DP World’s net profit rose by 30.7 per cent last year, beating analyst expectations, thanks to the port operator’s acquisition of a free zone in Dubai in 2014 and growth in throughput, the company said.

The company expects growth this year despite uncertain market conditions.

The shares rose 8.8 per cent to US$19 on the Nasdaq Dubai.

“While 2016 is expected to be another challenging year for global trade, we have made an encouraging start to the year and current trading is in line with group expectations,” said Sultan bin Sulayem, the chairman and chief executive.

“Macroeconomic conditions and geopolitical issues across some locations remain uncertain but we believe our portfolio is well positioned to deliver volume growth ahead of the market this year.”

DP World’s net profit attributable to equity holders before separately disclosed items increased to US$883 million from $675m in 2014, it said. Revenue rose by 16.3 per cent to $3.9 billion from $3.4bn.

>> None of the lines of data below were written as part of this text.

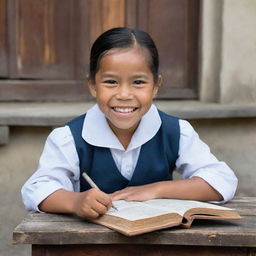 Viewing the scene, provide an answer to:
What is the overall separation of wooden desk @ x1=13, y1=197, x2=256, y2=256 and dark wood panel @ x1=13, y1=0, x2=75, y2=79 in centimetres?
203

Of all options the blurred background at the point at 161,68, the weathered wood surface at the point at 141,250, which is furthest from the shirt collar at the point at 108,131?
the blurred background at the point at 161,68

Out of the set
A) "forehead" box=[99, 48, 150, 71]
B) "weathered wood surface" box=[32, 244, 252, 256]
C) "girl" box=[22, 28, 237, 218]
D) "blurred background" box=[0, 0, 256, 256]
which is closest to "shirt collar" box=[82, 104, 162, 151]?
"girl" box=[22, 28, 237, 218]

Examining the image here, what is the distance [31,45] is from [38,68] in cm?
13

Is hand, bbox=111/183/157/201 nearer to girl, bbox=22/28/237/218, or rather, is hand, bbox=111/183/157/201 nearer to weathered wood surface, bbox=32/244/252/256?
girl, bbox=22/28/237/218

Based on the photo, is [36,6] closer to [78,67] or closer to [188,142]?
[78,67]

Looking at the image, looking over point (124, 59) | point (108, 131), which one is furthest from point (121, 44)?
point (108, 131)

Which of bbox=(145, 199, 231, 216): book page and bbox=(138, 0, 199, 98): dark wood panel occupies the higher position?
bbox=(138, 0, 199, 98): dark wood panel

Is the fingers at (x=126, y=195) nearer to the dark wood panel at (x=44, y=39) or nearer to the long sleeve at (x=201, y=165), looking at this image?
the long sleeve at (x=201, y=165)

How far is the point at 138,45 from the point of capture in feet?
7.94

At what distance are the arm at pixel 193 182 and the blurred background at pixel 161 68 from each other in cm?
120

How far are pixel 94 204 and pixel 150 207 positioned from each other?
0.17 m

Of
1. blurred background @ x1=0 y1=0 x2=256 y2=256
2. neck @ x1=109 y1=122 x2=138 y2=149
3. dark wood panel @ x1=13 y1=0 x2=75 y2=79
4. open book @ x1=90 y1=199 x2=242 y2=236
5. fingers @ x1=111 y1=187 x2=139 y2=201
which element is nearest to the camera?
open book @ x1=90 y1=199 x2=242 y2=236

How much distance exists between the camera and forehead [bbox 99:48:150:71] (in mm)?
2346

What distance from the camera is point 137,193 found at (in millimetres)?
2326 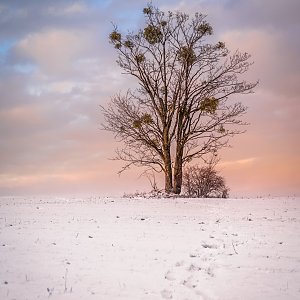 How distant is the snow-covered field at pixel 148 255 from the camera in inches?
276

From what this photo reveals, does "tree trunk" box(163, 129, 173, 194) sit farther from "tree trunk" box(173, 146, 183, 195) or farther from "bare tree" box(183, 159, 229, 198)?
"bare tree" box(183, 159, 229, 198)

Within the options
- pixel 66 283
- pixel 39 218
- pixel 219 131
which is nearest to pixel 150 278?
pixel 66 283

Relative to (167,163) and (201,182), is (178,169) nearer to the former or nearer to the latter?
(167,163)

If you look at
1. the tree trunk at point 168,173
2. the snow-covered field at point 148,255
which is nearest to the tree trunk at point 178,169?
the tree trunk at point 168,173

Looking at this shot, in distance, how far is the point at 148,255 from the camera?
8938 mm

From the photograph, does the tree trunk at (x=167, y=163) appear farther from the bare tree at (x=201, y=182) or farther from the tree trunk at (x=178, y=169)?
the bare tree at (x=201, y=182)

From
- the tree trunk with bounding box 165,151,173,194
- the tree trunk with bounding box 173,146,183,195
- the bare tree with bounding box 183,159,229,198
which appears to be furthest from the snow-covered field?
the bare tree with bounding box 183,159,229,198

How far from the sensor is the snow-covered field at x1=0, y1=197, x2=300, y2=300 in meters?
7.01

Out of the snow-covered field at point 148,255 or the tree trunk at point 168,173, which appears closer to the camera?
the snow-covered field at point 148,255

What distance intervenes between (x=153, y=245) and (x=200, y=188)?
27.3m

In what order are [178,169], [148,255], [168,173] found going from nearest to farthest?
[148,255], [168,173], [178,169]

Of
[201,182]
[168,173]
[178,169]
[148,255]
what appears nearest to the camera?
[148,255]

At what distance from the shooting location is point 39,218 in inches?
535

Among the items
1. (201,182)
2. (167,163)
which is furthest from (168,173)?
(201,182) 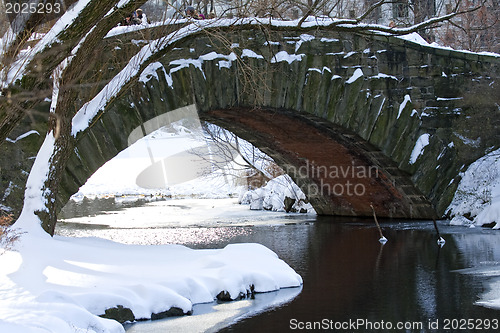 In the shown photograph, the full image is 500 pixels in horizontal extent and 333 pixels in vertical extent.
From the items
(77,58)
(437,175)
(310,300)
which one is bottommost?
(310,300)

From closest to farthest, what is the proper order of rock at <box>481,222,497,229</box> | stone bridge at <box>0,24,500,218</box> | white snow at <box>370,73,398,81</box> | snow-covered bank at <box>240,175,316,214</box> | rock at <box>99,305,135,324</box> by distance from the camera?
rock at <box>99,305,135,324</box>, stone bridge at <box>0,24,500,218</box>, white snow at <box>370,73,398,81</box>, rock at <box>481,222,497,229</box>, snow-covered bank at <box>240,175,316,214</box>

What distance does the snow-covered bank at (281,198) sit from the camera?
21422 millimetres

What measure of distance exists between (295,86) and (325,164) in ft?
15.2

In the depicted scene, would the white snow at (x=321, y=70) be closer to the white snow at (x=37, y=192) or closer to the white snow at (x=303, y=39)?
the white snow at (x=303, y=39)

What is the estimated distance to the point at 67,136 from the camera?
926cm

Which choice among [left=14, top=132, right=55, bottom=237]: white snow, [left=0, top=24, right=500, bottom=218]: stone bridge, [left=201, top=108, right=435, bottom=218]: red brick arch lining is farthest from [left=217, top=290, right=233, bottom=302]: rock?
[left=201, top=108, right=435, bottom=218]: red brick arch lining

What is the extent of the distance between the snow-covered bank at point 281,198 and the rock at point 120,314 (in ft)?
46.4

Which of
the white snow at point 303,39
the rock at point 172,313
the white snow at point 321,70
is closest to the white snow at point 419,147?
the white snow at point 321,70

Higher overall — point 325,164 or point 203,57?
point 203,57

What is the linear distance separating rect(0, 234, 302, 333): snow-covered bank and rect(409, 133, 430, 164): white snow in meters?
6.41

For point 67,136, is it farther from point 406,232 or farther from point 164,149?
point 164,149

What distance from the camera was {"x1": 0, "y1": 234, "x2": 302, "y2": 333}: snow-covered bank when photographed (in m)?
6.11

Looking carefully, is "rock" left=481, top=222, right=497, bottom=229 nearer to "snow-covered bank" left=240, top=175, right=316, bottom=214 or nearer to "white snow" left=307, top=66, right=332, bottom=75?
"white snow" left=307, top=66, right=332, bottom=75

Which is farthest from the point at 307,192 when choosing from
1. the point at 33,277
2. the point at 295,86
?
the point at 33,277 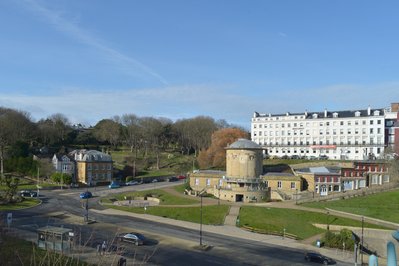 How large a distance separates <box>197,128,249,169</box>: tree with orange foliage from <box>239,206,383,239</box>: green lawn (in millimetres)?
39208

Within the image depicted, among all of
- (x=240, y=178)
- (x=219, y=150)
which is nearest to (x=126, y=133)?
(x=219, y=150)

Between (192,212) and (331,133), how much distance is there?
60923mm

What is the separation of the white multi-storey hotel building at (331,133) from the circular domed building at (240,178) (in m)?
34.1

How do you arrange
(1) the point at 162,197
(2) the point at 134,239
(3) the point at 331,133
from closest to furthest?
(2) the point at 134,239 → (1) the point at 162,197 → (3) the point at 331,133

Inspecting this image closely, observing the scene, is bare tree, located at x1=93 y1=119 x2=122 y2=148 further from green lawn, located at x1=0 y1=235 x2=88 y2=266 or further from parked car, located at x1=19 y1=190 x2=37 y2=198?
green lawn, located at x1=0 y1=235 x2=88 y2=266

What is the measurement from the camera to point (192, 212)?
61062mm

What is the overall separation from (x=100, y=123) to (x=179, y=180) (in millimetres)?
49762

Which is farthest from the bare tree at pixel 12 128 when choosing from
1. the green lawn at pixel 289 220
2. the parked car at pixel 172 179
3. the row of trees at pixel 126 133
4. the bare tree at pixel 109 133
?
the green lawn at pixel 289 220

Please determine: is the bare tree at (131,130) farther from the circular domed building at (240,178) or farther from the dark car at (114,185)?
the circular domed building at (240,178)

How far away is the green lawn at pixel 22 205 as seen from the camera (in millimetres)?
61409

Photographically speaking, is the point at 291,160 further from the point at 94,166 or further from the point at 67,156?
the point at 67,156

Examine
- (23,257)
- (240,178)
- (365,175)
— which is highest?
(365,175)

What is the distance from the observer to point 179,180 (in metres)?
103

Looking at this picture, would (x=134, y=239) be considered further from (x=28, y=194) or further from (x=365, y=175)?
(x=365, y=175)
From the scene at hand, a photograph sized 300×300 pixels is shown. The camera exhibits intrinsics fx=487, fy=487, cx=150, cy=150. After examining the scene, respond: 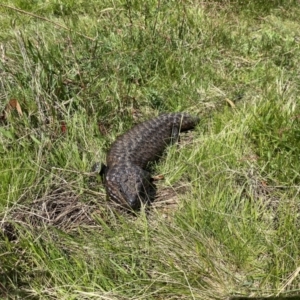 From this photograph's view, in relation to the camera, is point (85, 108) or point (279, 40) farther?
point (279, 40)

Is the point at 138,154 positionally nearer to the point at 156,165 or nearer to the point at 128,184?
the point at 156,165

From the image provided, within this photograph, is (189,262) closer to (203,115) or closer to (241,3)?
(203,115)

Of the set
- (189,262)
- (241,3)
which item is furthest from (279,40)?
(189,262)

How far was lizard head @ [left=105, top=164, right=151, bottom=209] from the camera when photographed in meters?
3.43

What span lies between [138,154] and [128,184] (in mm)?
529

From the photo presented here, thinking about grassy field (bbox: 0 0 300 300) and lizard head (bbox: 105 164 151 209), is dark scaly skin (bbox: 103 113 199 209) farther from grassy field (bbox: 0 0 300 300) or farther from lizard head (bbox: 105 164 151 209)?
grassy field (bbox: 0 0 300 300)

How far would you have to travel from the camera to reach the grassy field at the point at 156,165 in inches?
114

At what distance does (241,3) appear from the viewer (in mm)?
6840

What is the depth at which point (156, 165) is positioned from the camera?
4.06m

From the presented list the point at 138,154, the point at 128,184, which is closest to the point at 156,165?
the point at 138,154

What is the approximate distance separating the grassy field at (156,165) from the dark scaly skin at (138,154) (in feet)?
0.36

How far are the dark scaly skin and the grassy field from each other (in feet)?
0.36

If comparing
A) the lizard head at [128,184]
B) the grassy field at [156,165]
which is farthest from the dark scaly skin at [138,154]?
the grassy field at [156,165]

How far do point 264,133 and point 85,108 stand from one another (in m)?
1.53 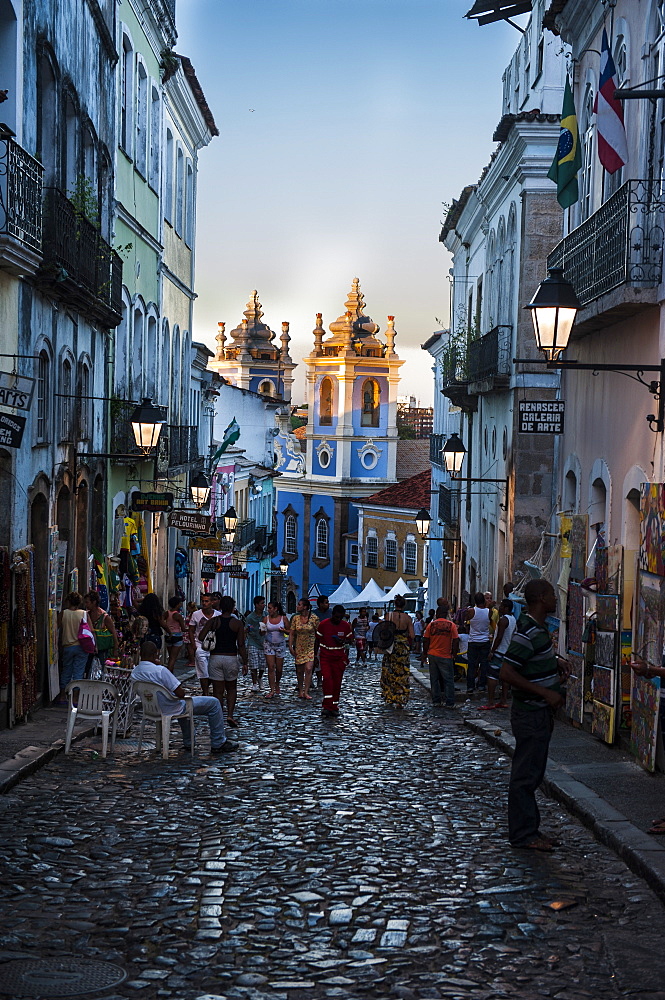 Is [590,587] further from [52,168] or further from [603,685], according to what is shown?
[52,168]

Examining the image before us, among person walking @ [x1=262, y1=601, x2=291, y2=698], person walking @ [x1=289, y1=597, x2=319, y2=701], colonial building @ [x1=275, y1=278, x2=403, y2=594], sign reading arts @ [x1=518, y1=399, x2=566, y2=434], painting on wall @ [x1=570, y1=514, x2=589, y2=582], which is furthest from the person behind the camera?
colonial building @ [x1=275, y1=278, x2=403, y2=594]

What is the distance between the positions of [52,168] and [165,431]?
1033 centimetres

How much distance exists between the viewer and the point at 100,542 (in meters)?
20.9

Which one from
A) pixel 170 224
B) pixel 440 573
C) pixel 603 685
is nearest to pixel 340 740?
pixel 603 685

The results beat Cairo-based investment bank EFG Hermes’ forecast of net profit attributable to equity holders before separately disclosed items of $839m because of better margins, said Wafaa Baddour, an analyst.

“This financial performance has been achieved despite uncertain market conditions, which once again demonstrates the well-diversified and resilient nature of our portfolio with its focus on high growth markets,” said Mr bin Sulayem.

The economic slowdown in China did not deter DP World from maintaining its growth in the market last year, while Europe and Brazil grew despite their own economic troubles, said Mr bin Sulayem. Globally, the company’s concentration on destination and origin cargo protects it from market volatility, he said.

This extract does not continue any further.